Midson and Long reveal the unknown side of a footballers' Christmas

Dons stars enjoying a subdued Christmas to ensure League Two survival

Very Midson Christmas: Jack Midson knows the score over Christmas SP68731

Long old Christmas: Stacy Long will be staying professional over the yuletide season SP72027

First published in Sport Wandsworth Guardian: Photograph of the Author by , Sports Editor

AFC Wimbledon stars Stacy Long and Jack Midson have given an insight into the life of a professional footballer over the Christmas holidays.

The Dons are in the middle of a dogfight to stay in League Two and they face two crucial games at home to Northampton Town (Boxing Day) and Oxford United (Saturday).

So there can be no stuffing your face with turkey and chocolate, or having too much to drink, on Christmas Day.

However, more troublesome is the Dons’ New Year’s Day 360-mile round trip to Torquay United – so there can be no New Year’s Eve champagne or party poppers at midnight.

Midson said: “It is part and parcel of the life of a professional footballer. I’m in bed by 10.30 on New Year’s Eve, I can always watch the highlights on television the next day, and have to make sure I don’t over-indulge on Christmas Day.

“Normally Christmas Day involves a run out somewhere to keep the body ticking over.

“It sounds obvious, but if we indulged in Christmas and the new year celebrations like everyone else, then we would not have any chance come the matches.”

He added: “No one wants to let their team-mates down, so every is in the same boat.”

Midfielder Long, who joined the Dons in the summer, says he has grown accustomed to the subdued holiday period.

“We never really enjoy New Year’s Eve, but we get used to it.
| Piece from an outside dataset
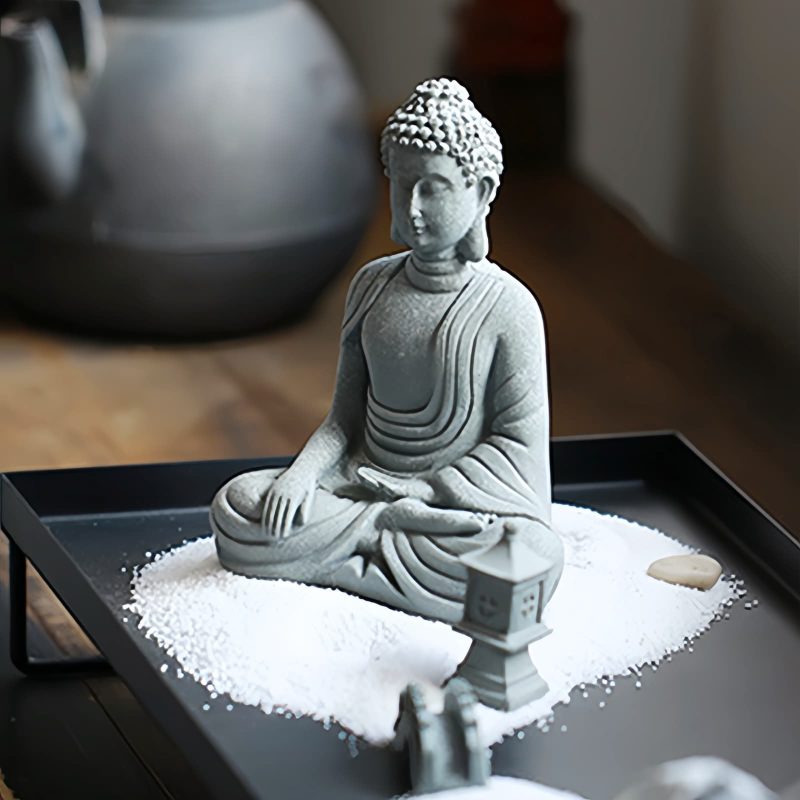 Decoración de Buda Sentado en Arenisca Natural Natural Sandstone Sitting Buddha Decoration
Being a professional footballer is a job, and we’re very lucky to have a job that we all enjoy, even though it has a big impact on Christmas,” he said.

“My family know what I have to do and, probably most importantly, the fans would not appreciate us turning out with hangovers and getting thrashed by a more professional side.”

He added: “Be a footballer is, contrary to what many people think, not the most sociable of careers.”

Midson said: “I am sure when my football career is over I shall be enjoying the festivities, but for the time being, and this year in particular, the only thing I want for Christmas is some good results.”